* _Exercise objective_
Print nothing but the lines below starting at the line that holds "Walkers reflected in" and ending at the line that holds "A hotel room", including both, each exactly as written.

* _Listed records_

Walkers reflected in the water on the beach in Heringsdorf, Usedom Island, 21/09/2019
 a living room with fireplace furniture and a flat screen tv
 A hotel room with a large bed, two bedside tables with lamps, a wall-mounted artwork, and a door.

...

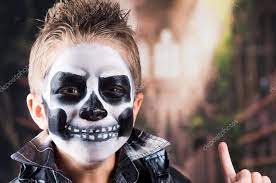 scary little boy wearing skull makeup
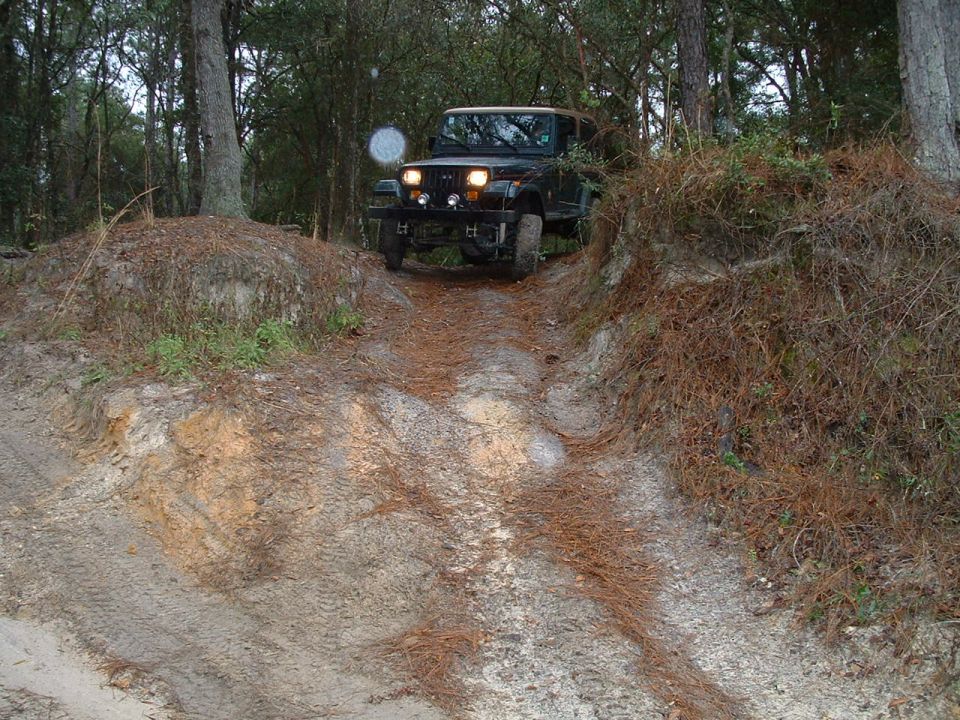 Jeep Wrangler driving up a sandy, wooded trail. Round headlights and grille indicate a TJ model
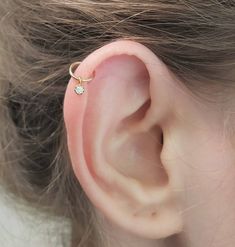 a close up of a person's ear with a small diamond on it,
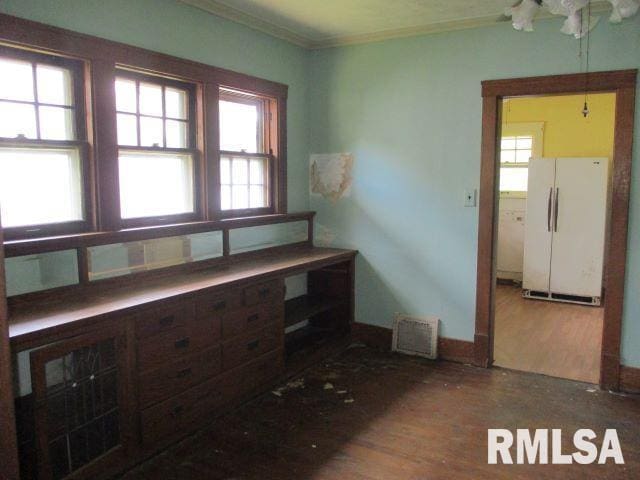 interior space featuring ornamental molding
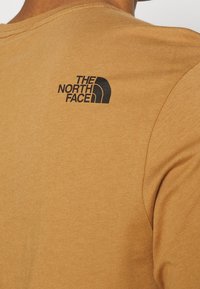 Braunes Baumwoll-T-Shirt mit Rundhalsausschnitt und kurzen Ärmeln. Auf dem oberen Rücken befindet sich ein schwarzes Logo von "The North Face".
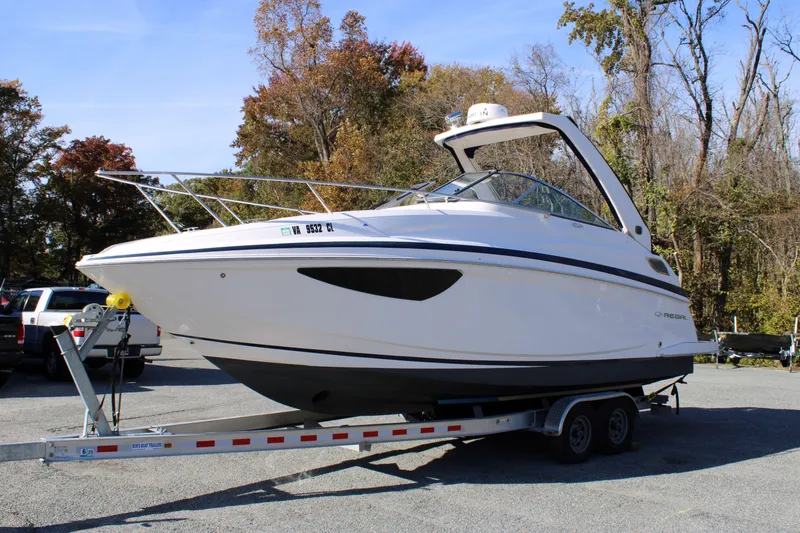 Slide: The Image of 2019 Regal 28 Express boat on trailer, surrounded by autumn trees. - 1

--

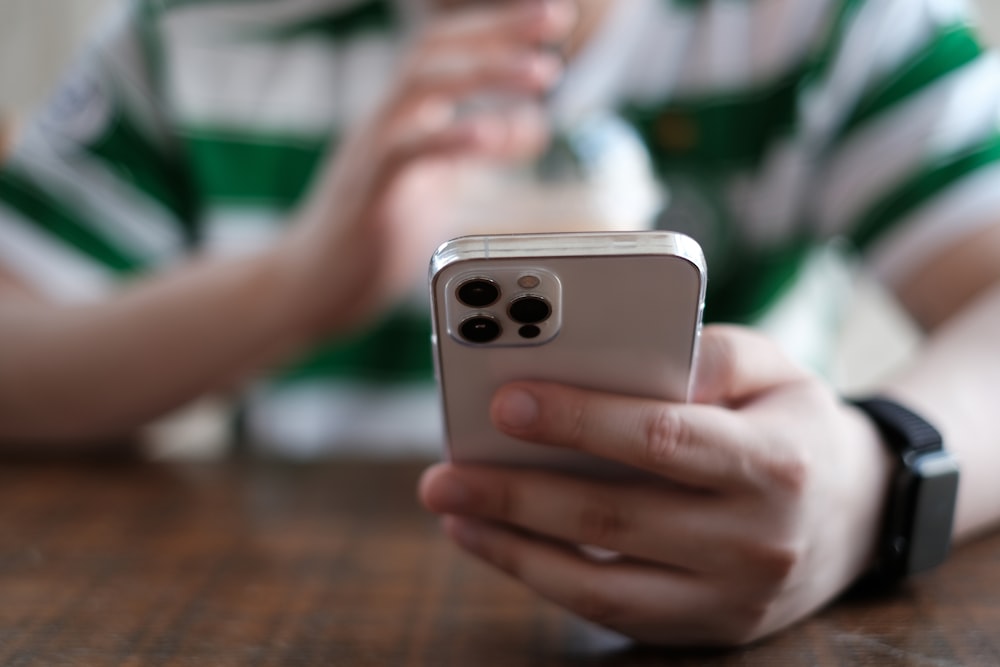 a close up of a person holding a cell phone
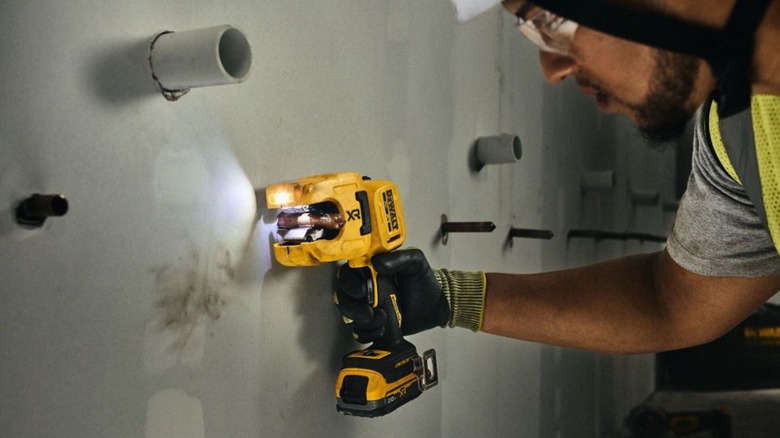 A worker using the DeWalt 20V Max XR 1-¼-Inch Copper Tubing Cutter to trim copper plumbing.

* _Expected output_
Walkers reflected in the water on the beach in Heringsdorf, Usedom Island, 21/09/2019
 a living room with fireplace furniture and a flat screen tv
 A hotel room with a large bed, two bedside tables with lamps, a wall-mounted artwork, and a door.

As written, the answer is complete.